I read your posts! I like what you're doing. I wanted to offer a term/concept. In BF Skinner's Walden Two and in his other philosophical work, perhaps some of the most genuinely compassionate yet utilitarian writing on the idea of social progress, he terms the "eutopia" as a counter to utopian ideas that ultimately strive for the past. not a perfect society, but a good one that is always seeking to experiment on itself forwardly, deriving lessons, rather than solutions. Thought you'd like it

So…my reflexive reaction here is actually a pretty negative one.

Which is not to say that I disagree with this “eutopia” idea on the object level.  On the object level, it’s obviously good and correct.  Yes, you always want to be open to improvements, rather than getting mired in a static ideology.  Yes, you want to find your ideals in possibly-real future rather than a definitely-imaginary past golden age.  Very true.

But building a utopia is very hard work, and one of the first hard parts is the part where you actually have to take a stand and define your values.  It requires saying “this is what I think the Good Life looks like, concretely, and I want there to be more of that.”  It requires saying “if we can get ourselves into Situation X, which I describe below, I’ll count that as a win.”  It requires, ultimately, painting some kind of static picture of the utopia and being willing to fight for it – even if you’re willing to cede that progress and improvement over that model are possible. 

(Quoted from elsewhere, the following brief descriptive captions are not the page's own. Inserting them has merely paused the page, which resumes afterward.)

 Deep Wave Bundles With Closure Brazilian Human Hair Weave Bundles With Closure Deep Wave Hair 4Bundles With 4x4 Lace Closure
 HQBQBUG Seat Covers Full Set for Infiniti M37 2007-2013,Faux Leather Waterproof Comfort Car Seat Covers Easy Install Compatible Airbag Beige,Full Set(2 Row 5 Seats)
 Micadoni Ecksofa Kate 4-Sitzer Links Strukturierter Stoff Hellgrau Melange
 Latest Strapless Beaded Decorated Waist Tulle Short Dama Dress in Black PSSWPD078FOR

This is not a thing that people like to do.  It commits you, and it puts you into conflict with anyone who objects to your favored values and your idealized images.  It’s very tempting to weasel your way out of making any kind of serious concrete normative claim, instead putting your effort into cheering for empty good-sounding “proposals” with no actual content.  Like, y’know, “we should have lots of diversity and freedom so that everyone can do whatever thing is personally best for him!”  Or “we should commit ourselves to finding empirically-justified solutions and then enacting them!”  Or, uh, ahem, “we should always keep on making progress instead of remaining static!”  None of those things is wrong, and in fact all of them are important, but none of them is an answer to any of the hard questions. 

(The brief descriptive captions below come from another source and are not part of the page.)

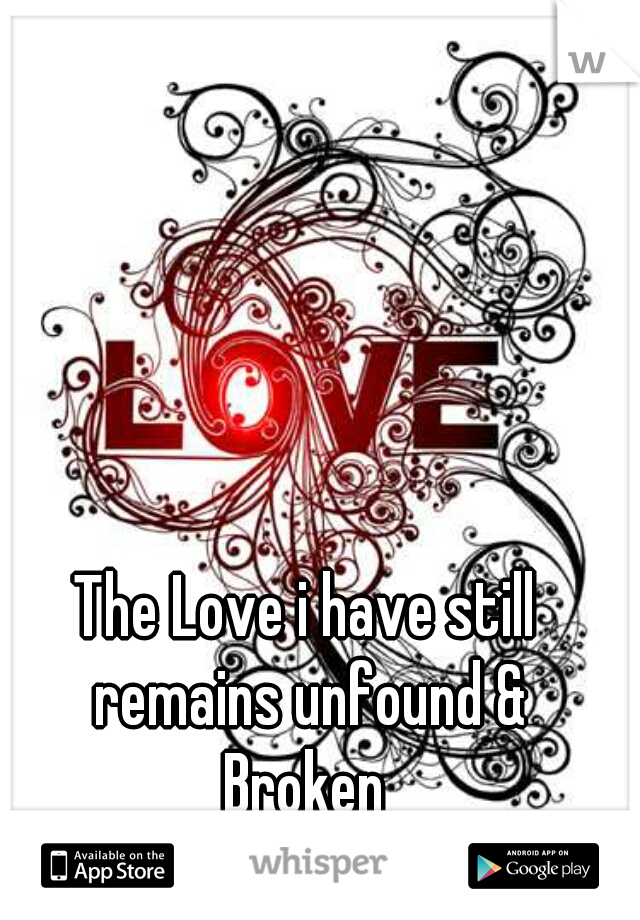 The Love i have still remains unfound &
Broken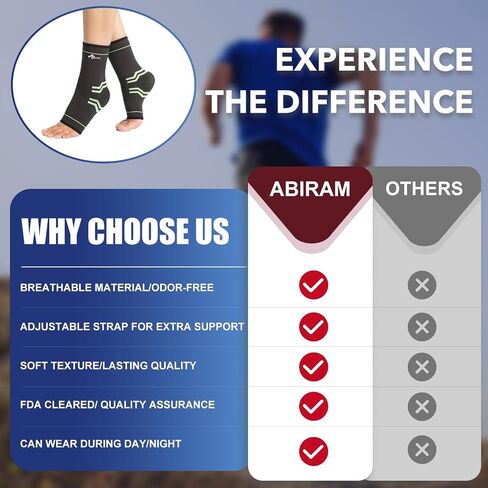 ABIRAM Ankle Brace Compression Sleeve with Adjustable Support Strap in Saudi Arabia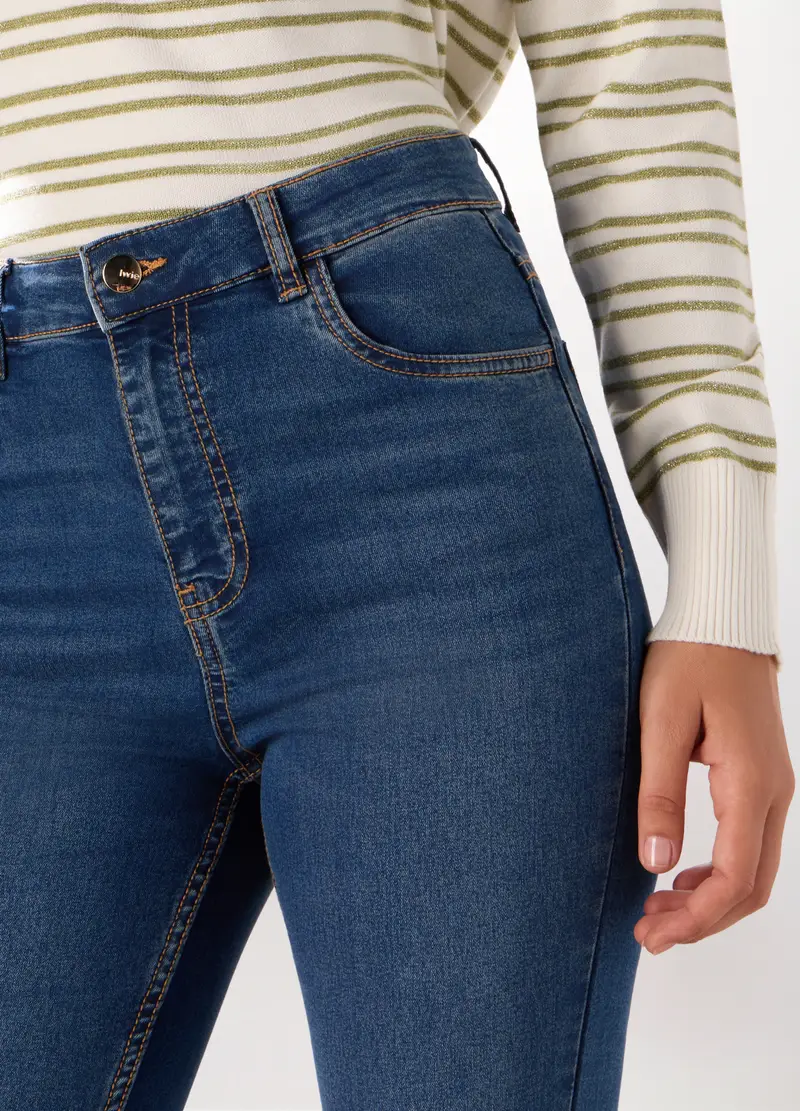 Upim, Pantaloni In Denim Stretch Misto Cotone Donna, Blu denim, Taglia: 42 miniatura 2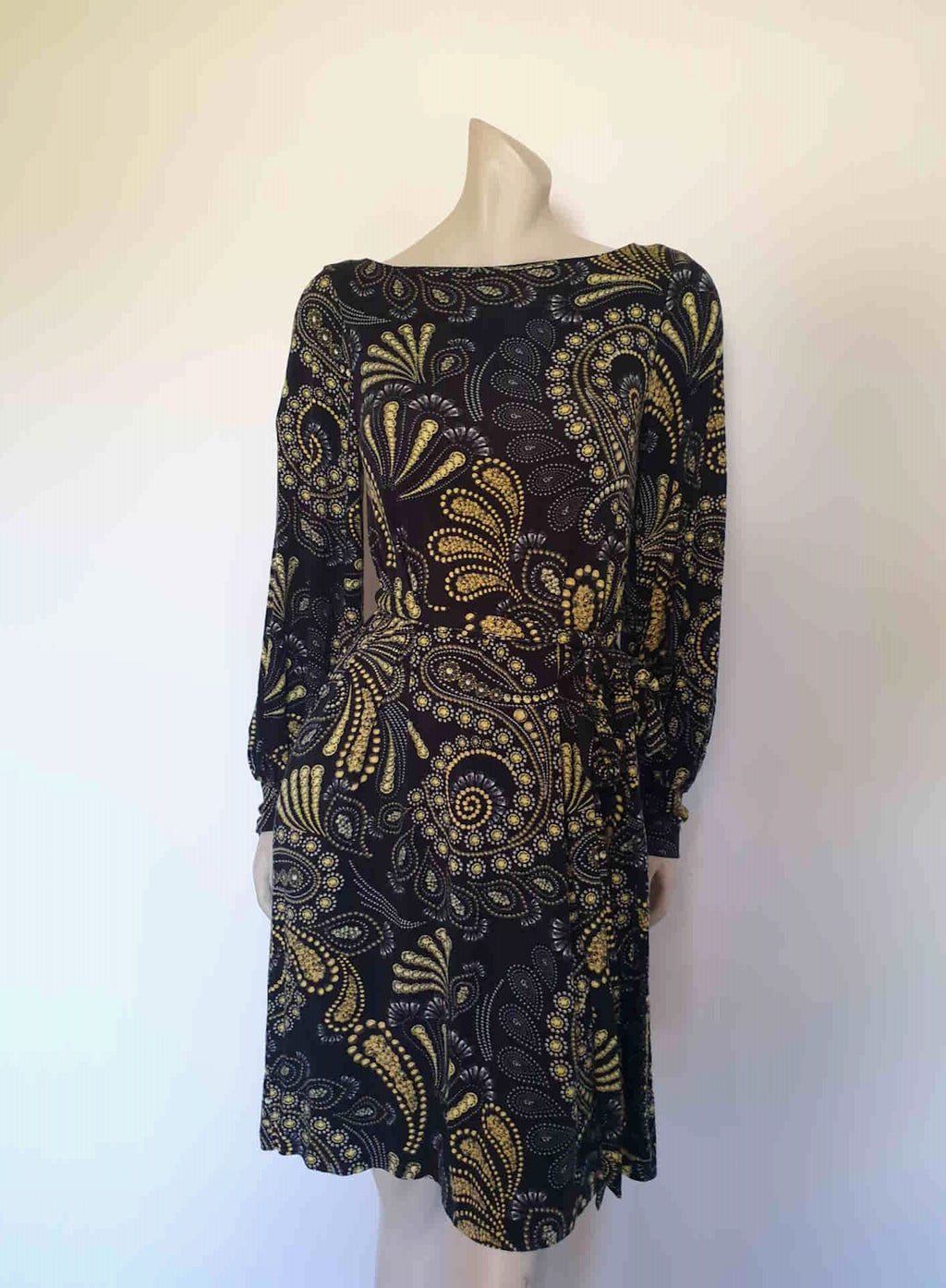 vintage paisley jersey dress by charlie brown size 10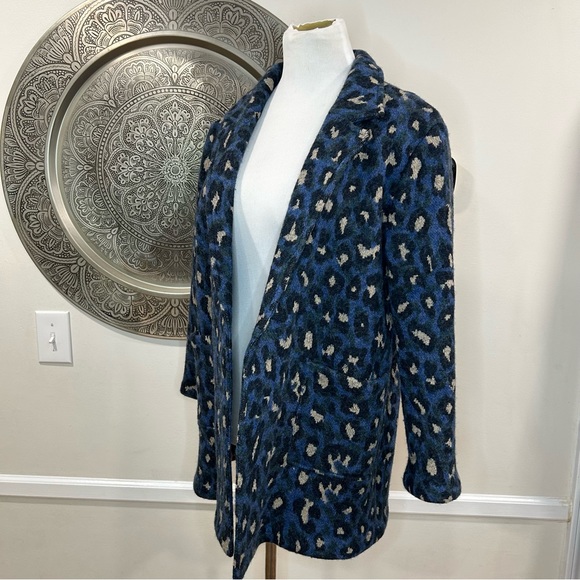 Villagallo blue heavy outer cardigan with pockets - Size 42 / US 8 / M - Picture 9 of 14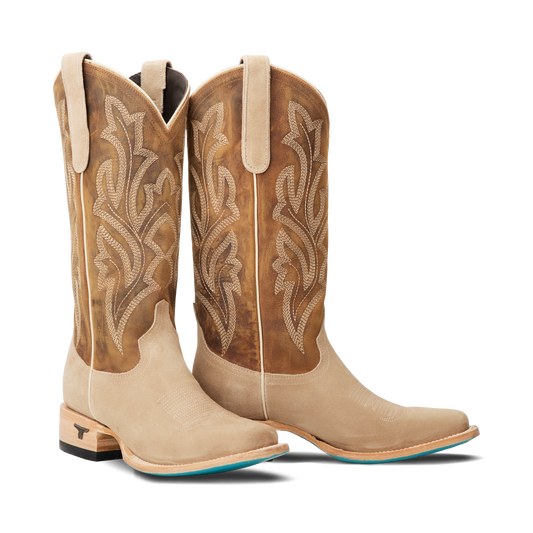 Saratoga Square Lattesuede Cowboy Boots in Burnt Caramel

(For those who care: I have just described one of the main ways in which I find liberalism unsatisfactory as a guiding ideology.  It will not tell you how to live the Good Life.  It can only offer general-purpose benefits like freedom and rationality and progress, which are great but insufficient.)  

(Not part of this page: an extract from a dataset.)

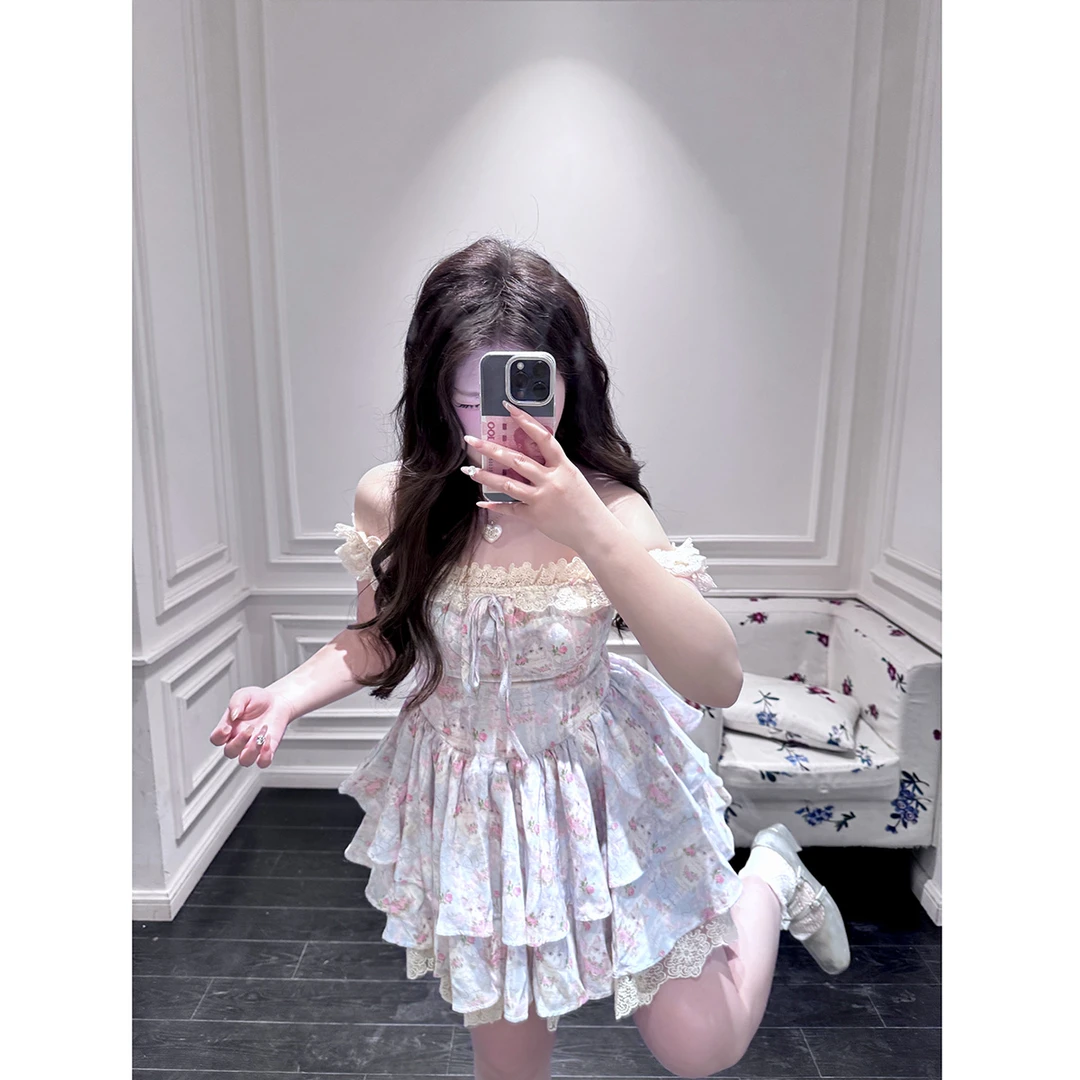 KIKI【蔷薇之恋】少女法式纯欲吊带连衣裙碎花收腰设计感A字蓬蓬裙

There’s actually a sort of fun experiment you can do.  Ask some smart people you know to describe a utopia.  (Or even just “a society that is close-to-ideal for you personally.”)  They don’t have to tell you how to get there, or even how it functions, just what it looks like.  I’ll bet you money that most of them – most of the normal-ish ones, anyway – will be totally unable to do it.  They’ll fall back on liberal cliches about diversity and progress and sensibleness, and they’ll give you zero specifics.  Because cliches are easy and appealing, while specifics are difficult and set you up for criticism. 

So in short: I am not inclined to favor any approach that emphasizes “the most important part of utopia-building is making sure that you can still have progress!”  It seems likely to be used as a tool to bypass the actual utopia part of the project.